Изменение форм землевладения до некоторой степени обусловливалось плотностью населения. Общинная форма не была первичной формой землевладения, она развивалась по мере роста плотности населения причем сначала в центральных районах России, а потом только на окраинах. А.А. Кауфман, изучавший эту проблему на примере Сибири, установил, что при наличии фонда свободных, «ничейных» земель господствовало «захватное», индивидуальное землевладение: каждое хозяйство захватывало столько земли, сколько было в состоянии обработать. Исчерпание свободных земель побуждало земледельцев искать тот или иной способ закрепления земли за хозяйствами, что могло произойти в форме частной или коллективной собственности.
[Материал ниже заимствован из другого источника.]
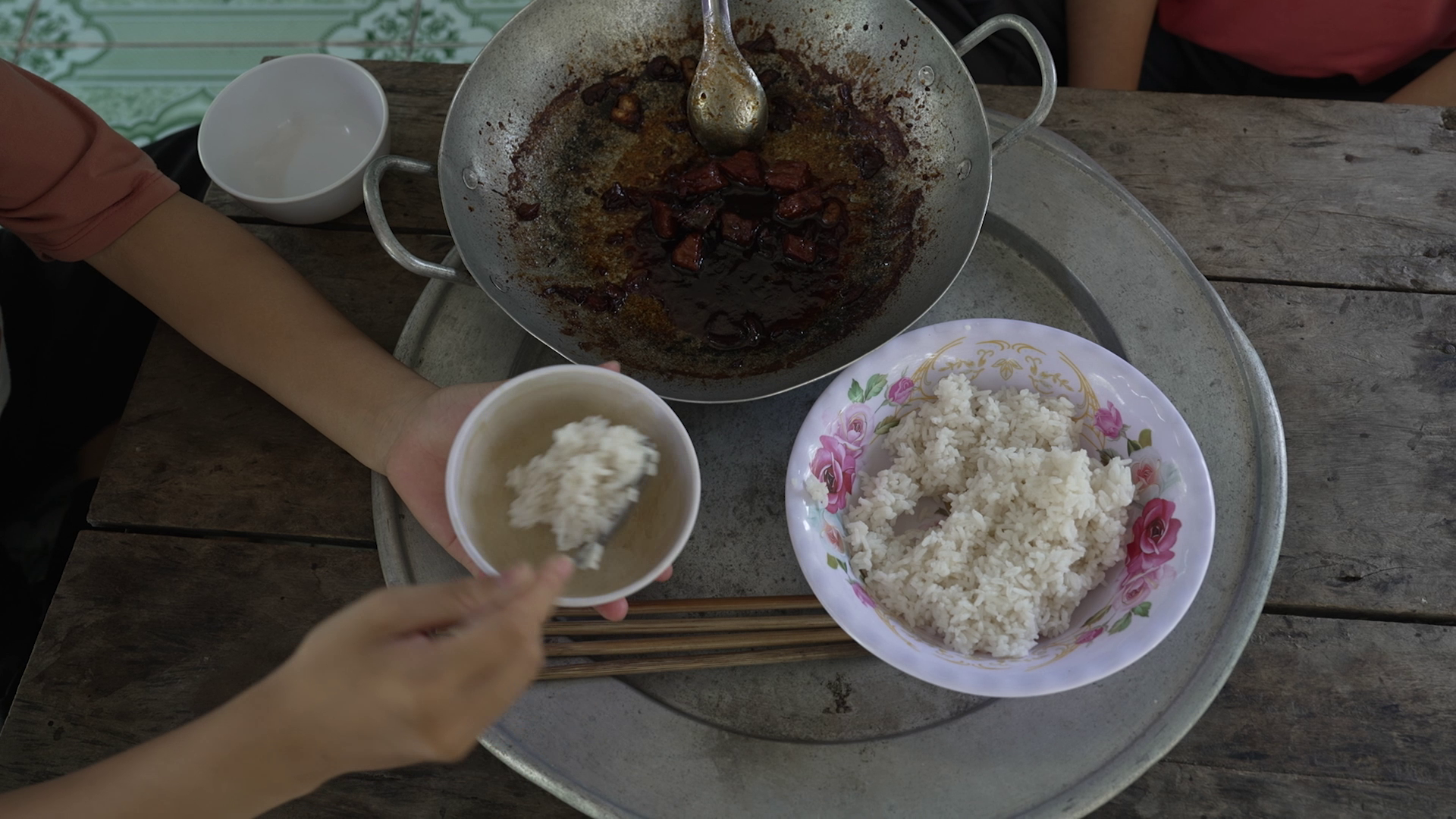 Nghẹn lòng những đứa trẻ trưởng thành quá sớm 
Общинная форма собственности как в европейской части страны, так и в Сибири явилась формой перехода от захватного к частному землевладению по той причине, что для появления института частной собственности на землю требовался ряд дополнительных условий — развитость рыночных отношений, превращение земли в товар, личная свобода, индивидуалистический менталитет, которые в центральных регионах европейской части России в момент исчерпания фонда свободных земель, в XV—XVI вв., отсутствовали. В Сибири важным фактором перехода от захватного к передельно-общинному землевладению служили традиции, принесенные переселенцами из Европейской России, а также склонность коронной администрации поддерживать общинно-передельные порядки как более удобные для управления крестьянами. Таким образом, утверждает Б.Н. Миронов, не якобы присущая русским людям солидарность, не континентальный климат и частые стихийные бедствия, а ряд экономических, юридических и социальных факторов способствовал утверждению в России коллективного землевладения; наличие свободного фонда земель лишь задерживало переход от коллективной к частной форме землевладения. Низкая плотность населения оказывала влияние также на ранние браки и многодетность. Благодаря наличию большого фонда свободной земли при возможности ее колонизации, у крестьянского населения России вплоть до середины XIX в. не было серьезных стимулов откладывать вступление в брак или вообще от него отказываться, а также регулировать рождаемость.